On the other hand, the support side of parent-youngster relations becomes easier and easier. Technology makes fulfilling the physical needs of youngsters easier for parents, and so the two effects of this, first, more and more products are provided with variety and quantity now expanding, and second, less effort is required to do this support, implying to the typical alien that those mental traits which formerly were so needed for providing support to oneself and one’s offspring, were not so much needed and could be diminished in attention. In other words, youngsters were having the option of spending more time on consumption-related interests, and parents were seeing less need for production-related interests, both for themselves and for their young. This would tend to add more impetus to the lack of need for preserving the training components that were useful in earlier times, especially times when evolution was striking down those without these traits. This means, the chasm is wider and deeper than it would be without the two-sided effects creating it.

The antidote to having an alien civilization collapse into the affluence chasm is the early realization of the need for long-term thinking, both in its conception and development, but also in its use in guiding some of the decisions of the civilization. Very specifically, long-term thinking is needed for the civilization to recognize what the consequences of affluence might be, and how it affects the alien society. Instead of continuing the drive to develop technology to provide more and more support goods, there would have to be a parallel drive to develop technology in training, in more detail, neurology, but also in sociology, meaning how society needs to organize itself and what individuals would need to be trained in so that they could act to preserve the civilization.

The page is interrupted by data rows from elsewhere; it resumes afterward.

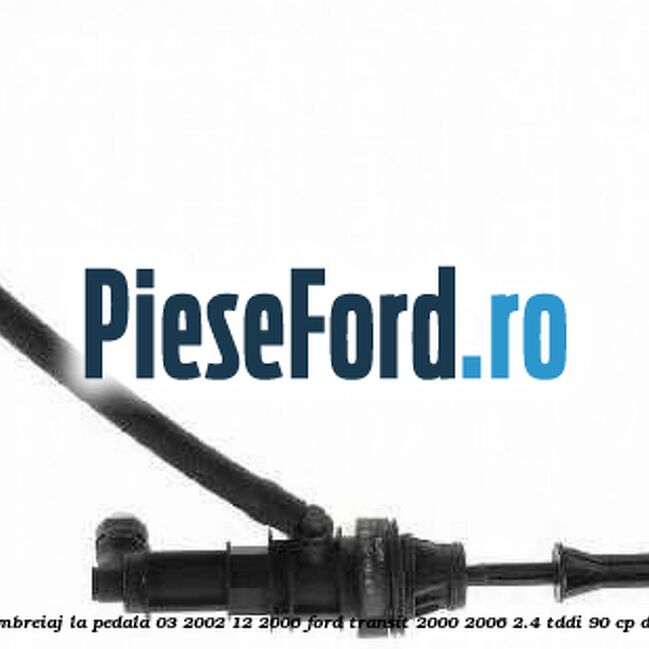 Pompa ambreiaj la pedala (03/2002-12/2006) Ford Transit 2000-2006 2.4 TDdi 90 cp D2FE diesel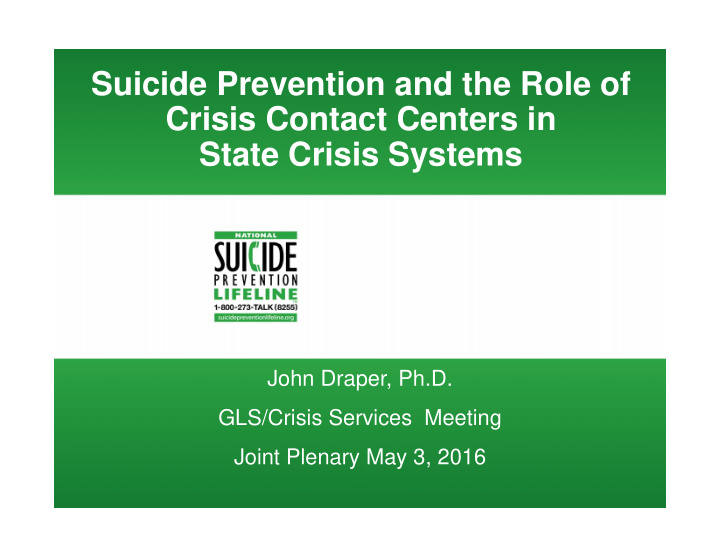 suicide prevention and the role of crisis contact centers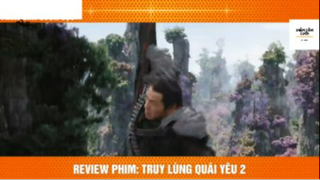 REVIEW PHIM : Truy lùng yêu quái  (p8) #rvphimthanthoai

Long-term thinking is needed to appreciate that the civilization has value, in and of itself, and preserving it over the long term, meaning over multiple generations, should take precedence over amassing more variety and quality in the consumption goods that their initial short-term thinking would lead them to support. This is not a simple declaration, where the civilization suddenly says that it will perform long-term goal setting and then do whatever is necessary to achieve them, but instead it is a dedication to that parallel branch of technology, so that it does not lag too far behind the material branch that produces the affluence.

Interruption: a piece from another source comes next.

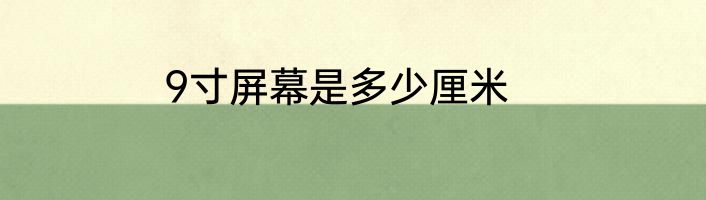 9寸屏幕是多少厘米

Developing this parallel branch of technology will require a major commitment by the civilization, meaning the governance and the population together, to forgo the maximum amount of material support in favor of having more intangible support, which will help the society to navigate its way around the chasm of affluence. It could very well be that the other feedback effect that occurs in neurology, where the brain adapts to its environment, will prevent this change. This feedback effect will mean that as affluence turns producers into consumers, and young members of the society into dedicated consumers, that there will be more and more specialized thinking about consumption, and less and less about long-term aspects of society and the potential troubles that affluence can create. The competition between thinking about consumption details, which can be manifold and complex, and thinking about society in general, which is also complex and variegated, will dictate if a particular alien civilization will make it to the final stage of technology, asymptotic technology, where the potential for collapse from its own decisions and choices will be almost eliminated. Without the proper early realization of the nature and details of this problem with affluence, the civilization will not be at a high enough living standard for the long time needed to invent and develop space travel.